Duke and Duchess of Sussex On Tour: South Africa

I am trying to muster all the positive energy I am able, and to get on board with the excitement about Royal’s visiting South Africa. But I am failing dismally. Harry and Meghan Markle have only been in the Cape for the last three days but somehow it feels much, much longer. I am exhausted by the amount of footage. And I am not even in Cape Town. 

At time of writing, 7 babies had been publicly kissed, 4 moms hugged, and 27 tears shed. On no less than 5 separate occasions Meghan has been recorded spontaneously breaking free from her discussion, stopping the cavalcade or interrupting an interview to rush to the side of a rather poorly looking South African. All these numbers are fiction, but that’s what it feels like to me. If I have to see another burst of maternal spontaneity from the Meghan, I might throw up. 

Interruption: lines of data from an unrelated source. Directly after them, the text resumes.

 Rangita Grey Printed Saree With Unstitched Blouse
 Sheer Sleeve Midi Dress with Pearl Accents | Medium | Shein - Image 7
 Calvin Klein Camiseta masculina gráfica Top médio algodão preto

I happen to like the royals in general. I have watched the Crown and Dianna and might even have cried when the Queen of Hearts died tragically in a tunnel beneath Paris. Like many, I was hoping that she would have found her happily for ever after. So connected am I, that I often find myself humming the tune of Candle in the Wind when a melancholic mood overwhelms me. I have no other explanation as to why I would possibly do that. 

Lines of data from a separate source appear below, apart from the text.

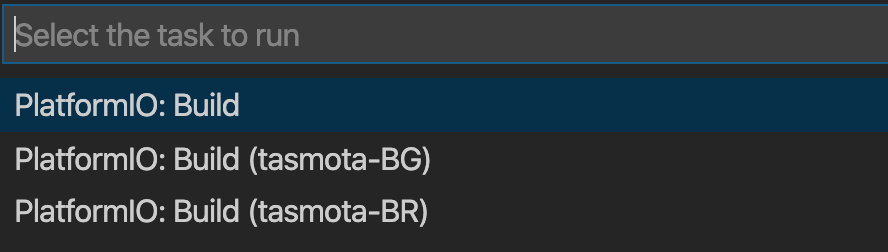 Command Pallete dropdown in VS Code shows "PlatformIO: Build" as an option.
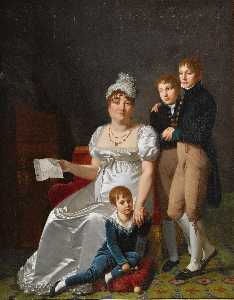 Portrait of madame B., née Etiennette Delagrange, full length, seated, wearing a white dress and hat, holding a letter, with her three sons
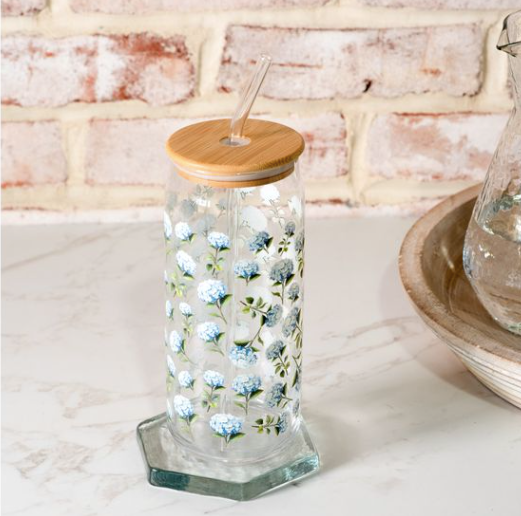 Hydrangea Glass Cup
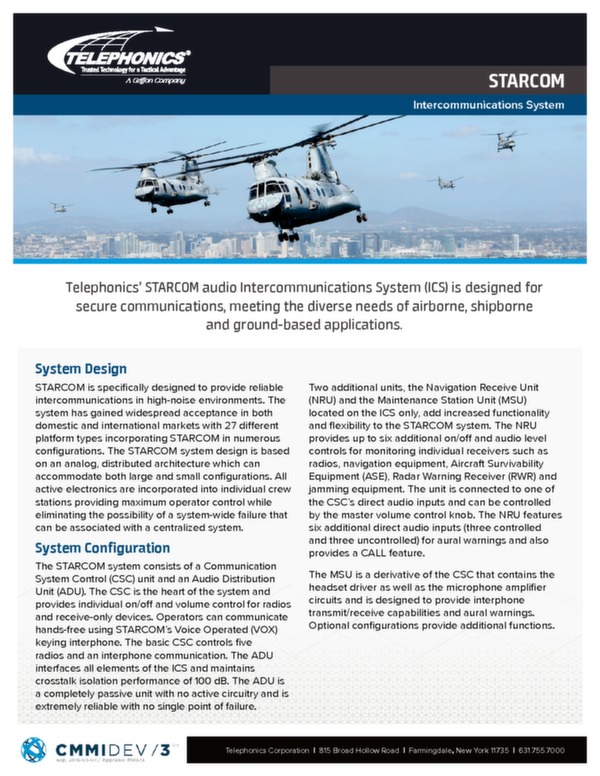Telephonics STARCOM Intercommunications System brochure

It’s not like I am a massive Elton John fan.

I really want desperately to glow in the warmth of their royal rays and want so badly to feel touched by the darn down- to-earthiness of them all. But I can’t seem to manage. Because all I see is a meticulously staged public relations exercise, conceived by the couple’s agency and acted out by a ginger man and his actress wife. 

I hate myself for it. I really do. I don’t want to see that the emperors have no clothes. I want them dressed in their finest of finery, tiara and all, so that we can all carry on pretending that they are not naked. Or worse than naked, because it cannot only be me who thinks that Megan looks like she shopped for this trip at Mr Price’s End of Range sale. Either that or her bags didn’t arrive on the commercial flight they were forced by their publicist to take, and so she had to stop at The Blue Route Mall in False Bay to pick up something to wear, before her real bag could be located. 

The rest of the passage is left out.